[Opening RECORDS SUPPLIED section]

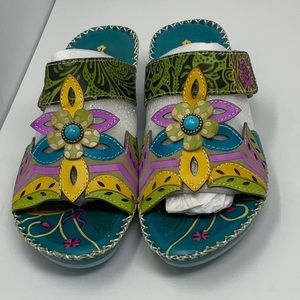 Like New women’s Socofy handmade leather sandals, size 40 (US size 9 )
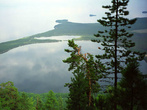 Слюдянские озера — вид сверху. Два живописных озера соединены перемычкой с Байкалом.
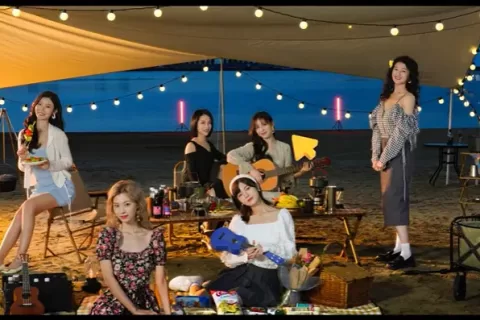 《完蛋！我被美女包围了》是怎么成为年度“科幻”游戏的？｜年度专访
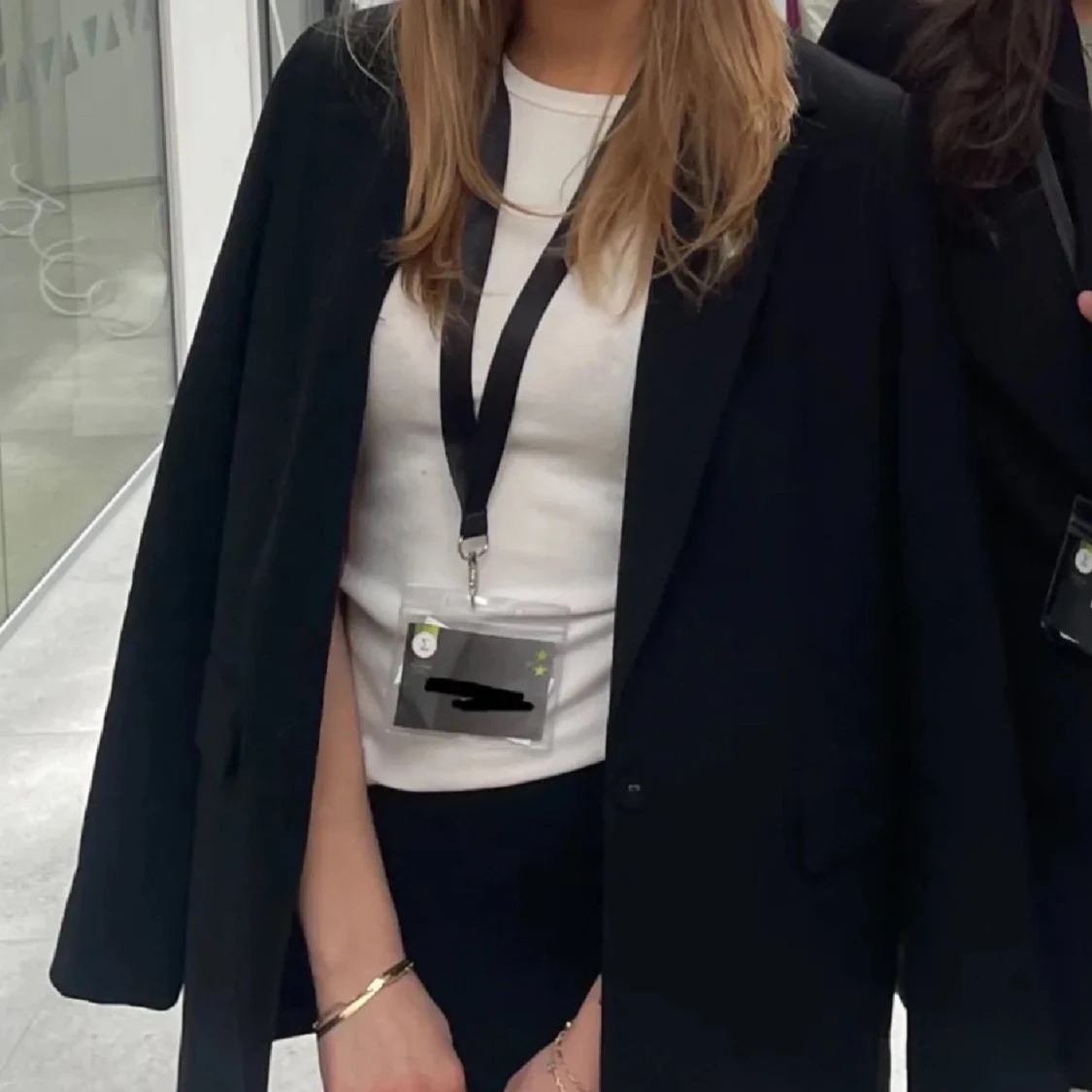 Svart kavaj gina tricot - 92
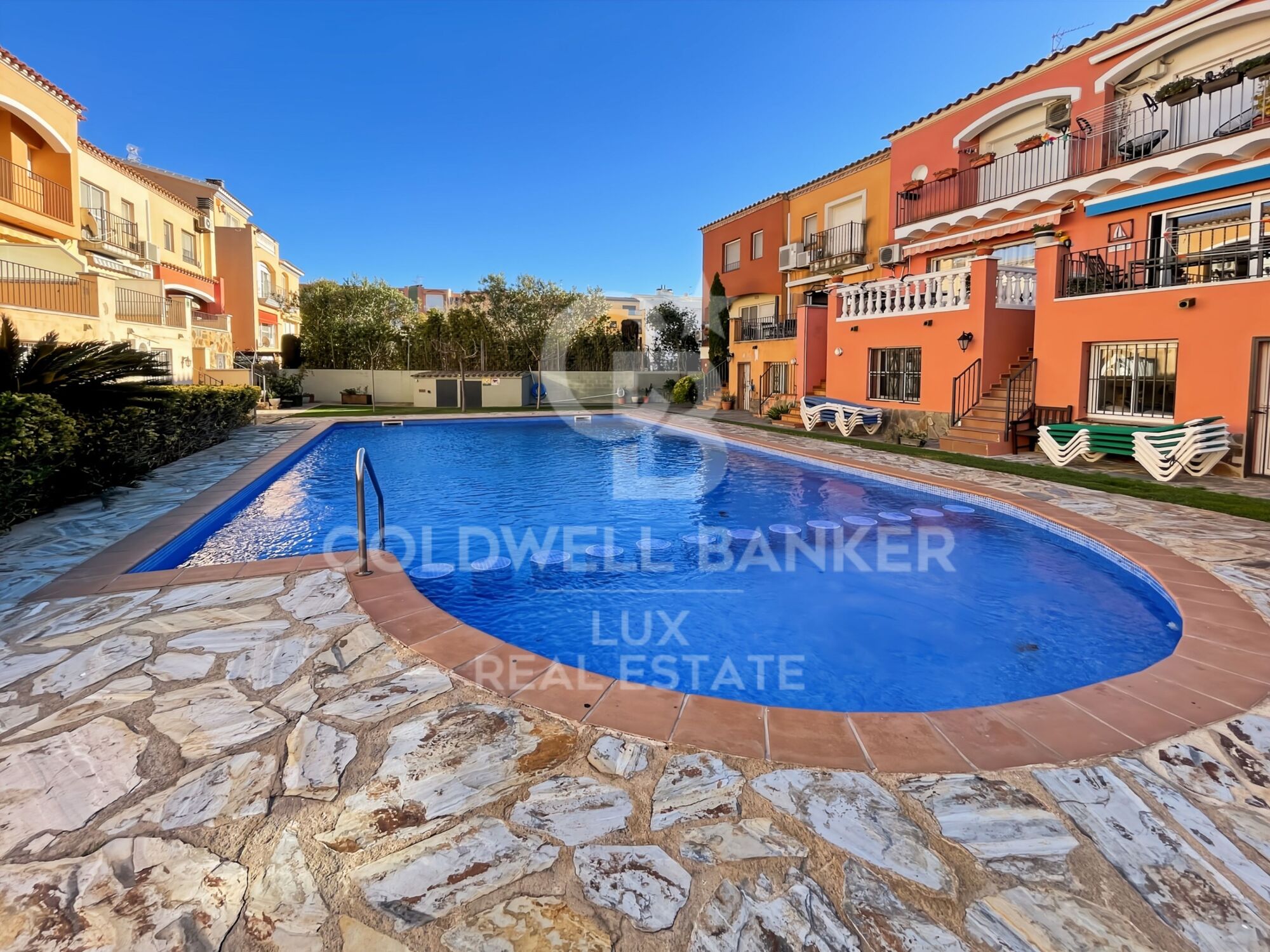 Casa cerca de la playa con piscina y garaje en Gran Reserva, Empuriabrava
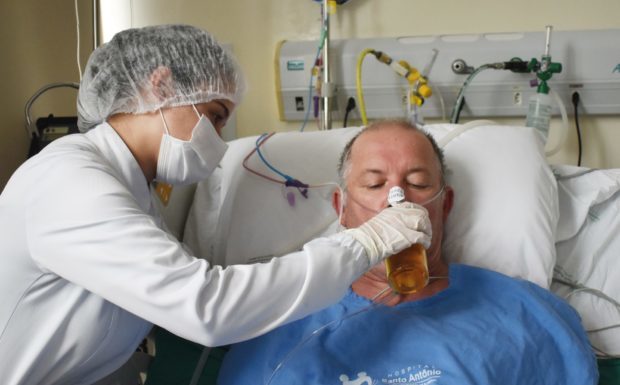 Paciente toma cerveja após ganhar alta da UTI Covid
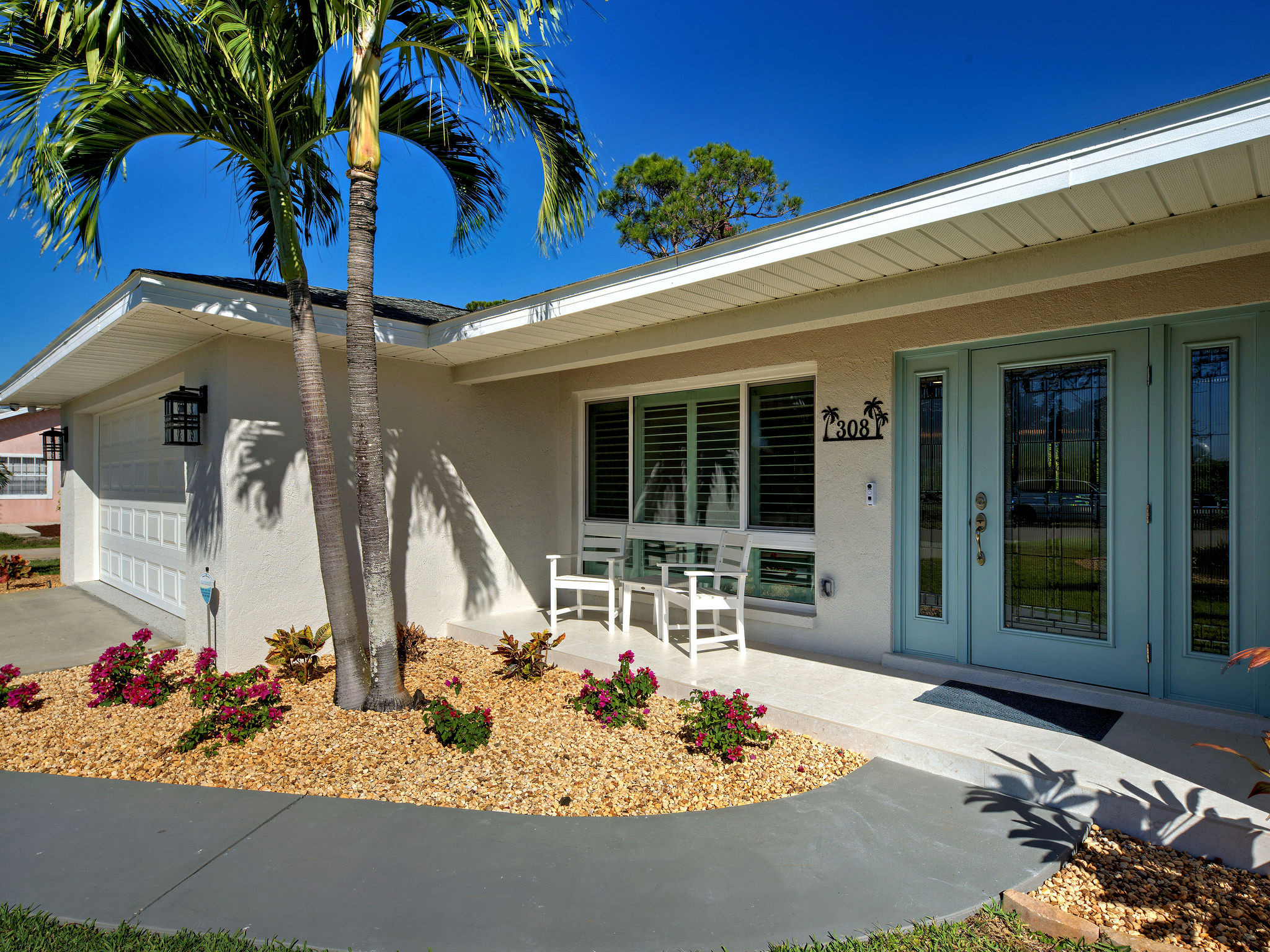 Beach Bungalow in Venice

[Closing RECORDS SUPPLIED section]

### TASK OBJECTIVE
An exact transcription of all the entries is required, without the pictures.

### RESULT
 Like New women’s Socofy handmade leather sandals, size 40 (US size 9 )
 Слюдянские озера — вид сверху. Два живописных озера соединены перемычкой с Байкалом.
 《完蛋！我被美女包围了》是怎么成为年度“科幻”游戏的？｜年度专访
 Svart kavaj gina tricot - 92
 Casa cerca de la playa con piscina y garaje en Gran Reserva, Empuriabrava
 Paciente toma cerveja após ganhar alta da UTI Covid
 Beach Bungalow in Venice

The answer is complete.